_RECORDS SUPPLIED_:
☆ ☆ ☆ ☆ ☆
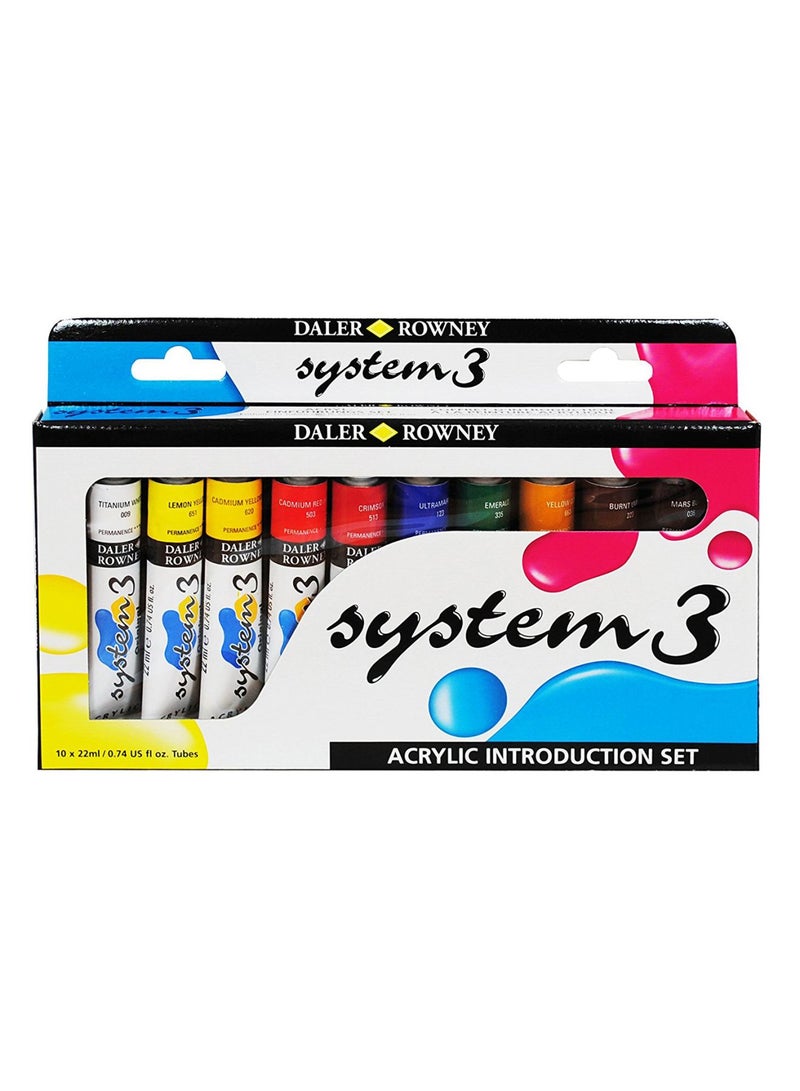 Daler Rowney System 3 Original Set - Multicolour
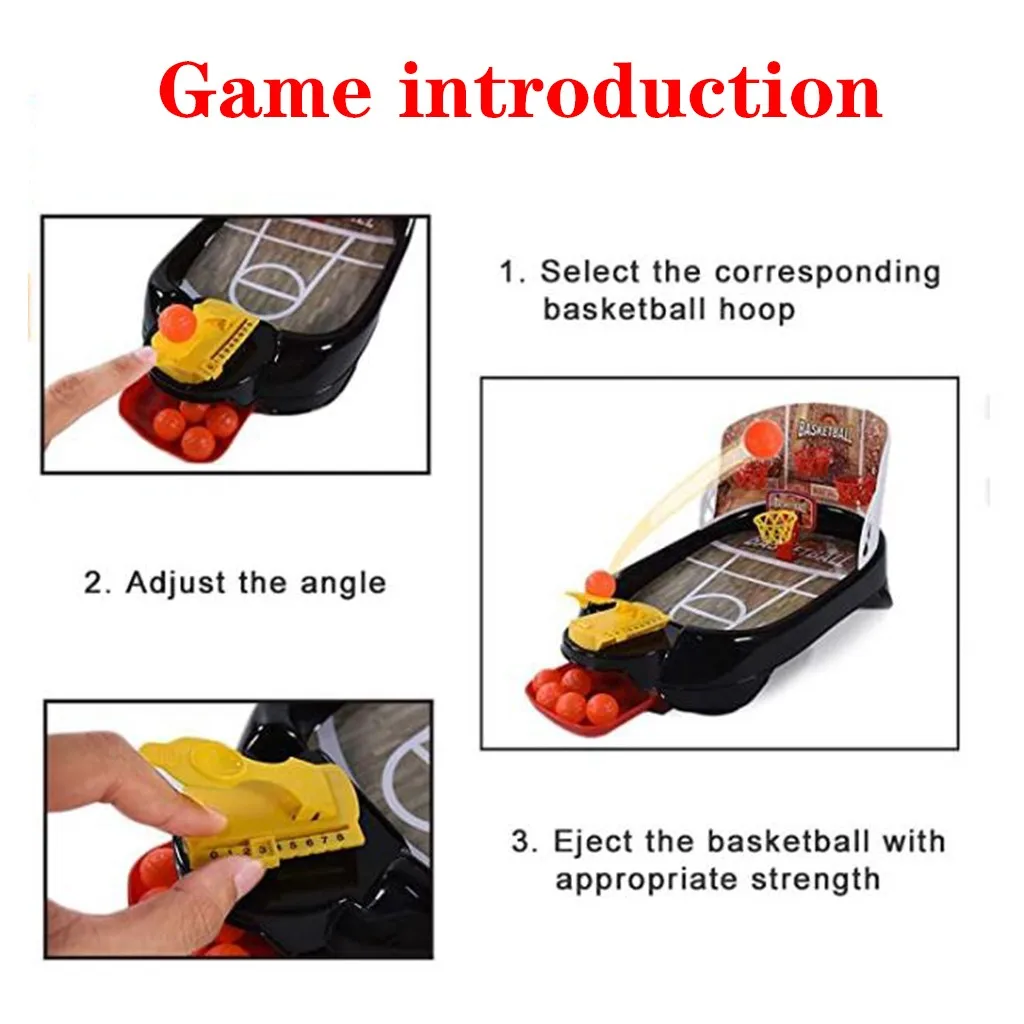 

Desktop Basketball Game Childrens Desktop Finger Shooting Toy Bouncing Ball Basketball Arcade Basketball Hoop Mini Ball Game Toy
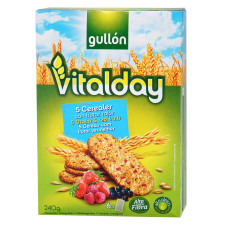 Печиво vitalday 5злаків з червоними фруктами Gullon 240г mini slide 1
☆ ☆ ☆ ☆ ☆
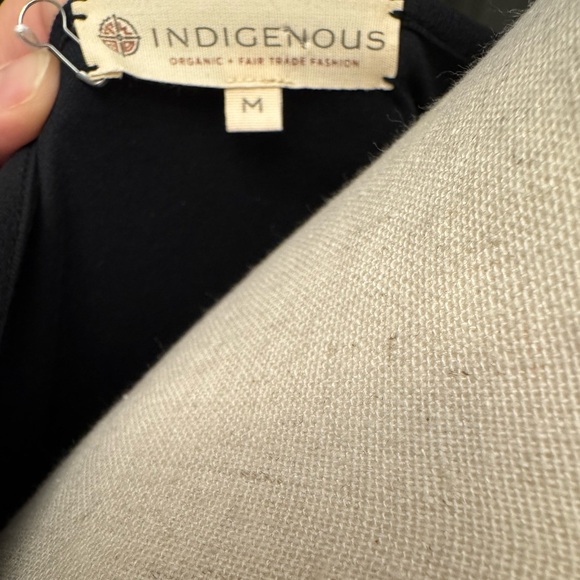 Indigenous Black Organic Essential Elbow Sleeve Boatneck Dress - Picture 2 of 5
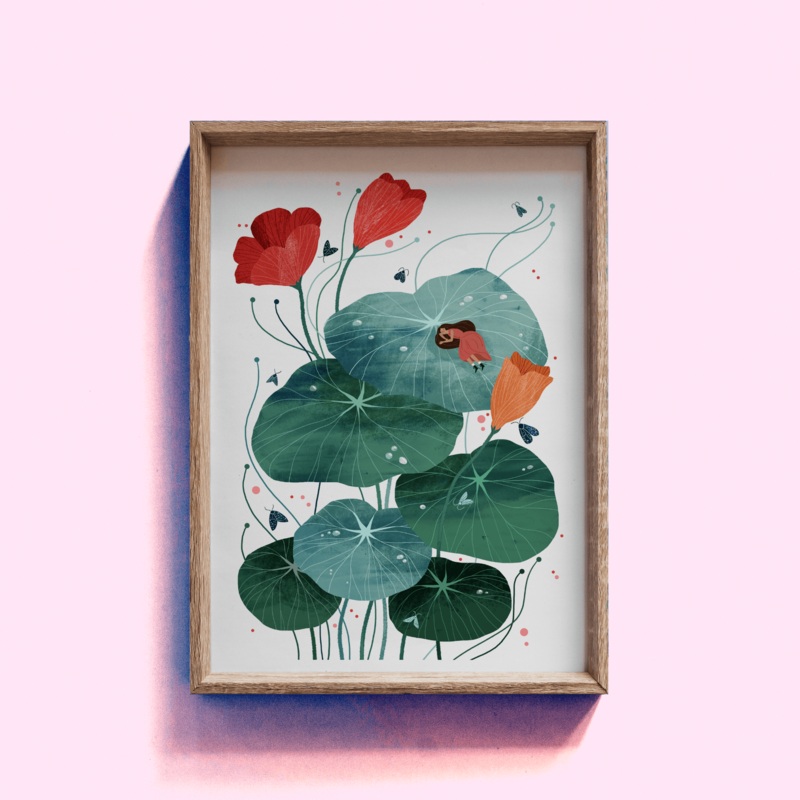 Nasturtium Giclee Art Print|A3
☆ ☆ ☆ ☆ ☆
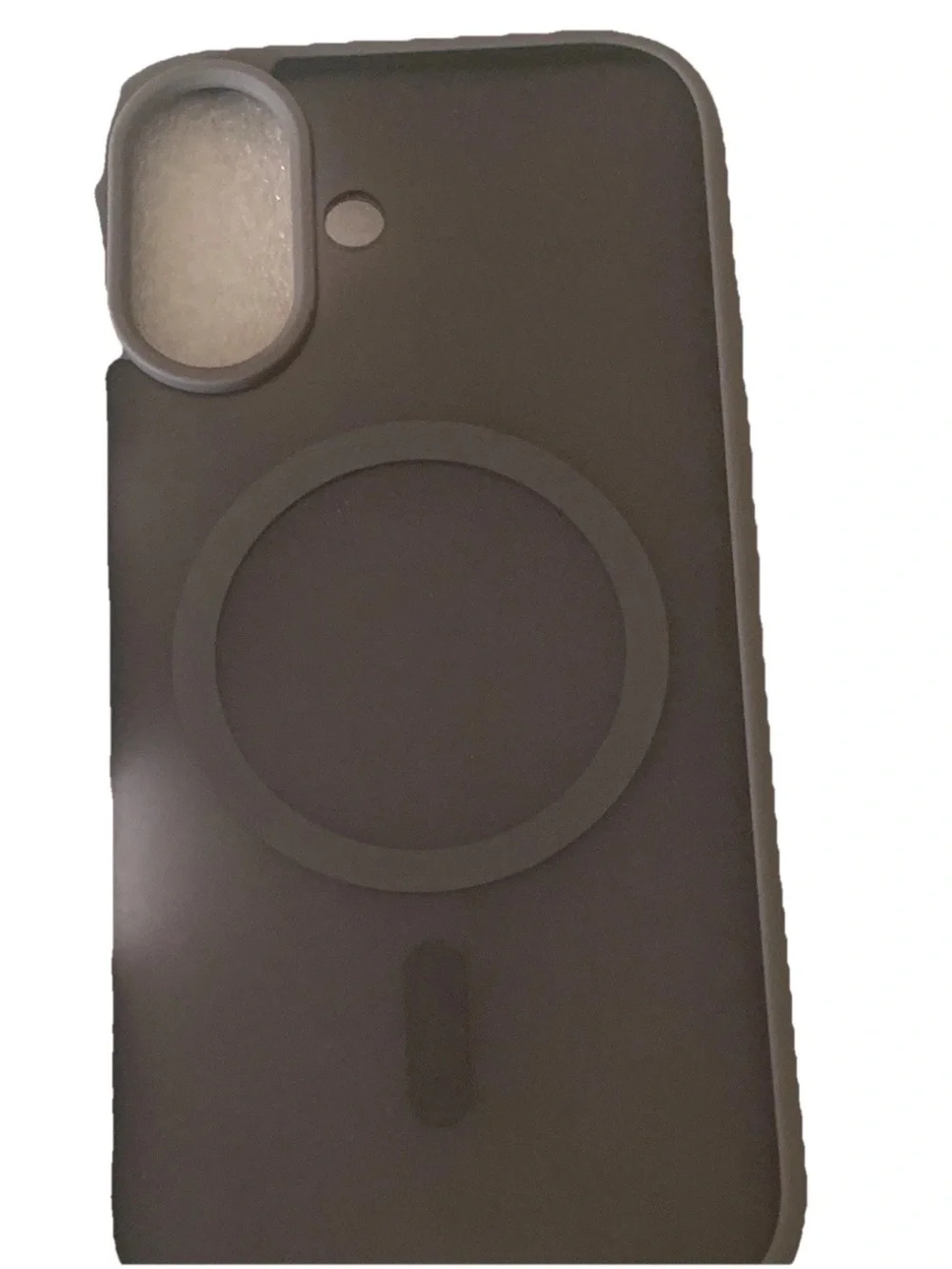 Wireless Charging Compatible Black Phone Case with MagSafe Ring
☆ ☆ ☆ ☆ ☆
Between and including the line above that contains "Daler Rowney System" and the line that contains "Печиво vitalday 5злаків", restate every line word for word. Pictures stay out.

_RESULT_:
 Daler Rowney System 3 Original Set - Multicolour

Desktop Basketball Game Childrens Desktop Finger Shooting Toy Bouncing Ball Basketball Arcade Basketball Hoop Mini Ball Game Toy
 Печиво vitalday 5злаків з червоними фруктами Gullon 240г mini slide 1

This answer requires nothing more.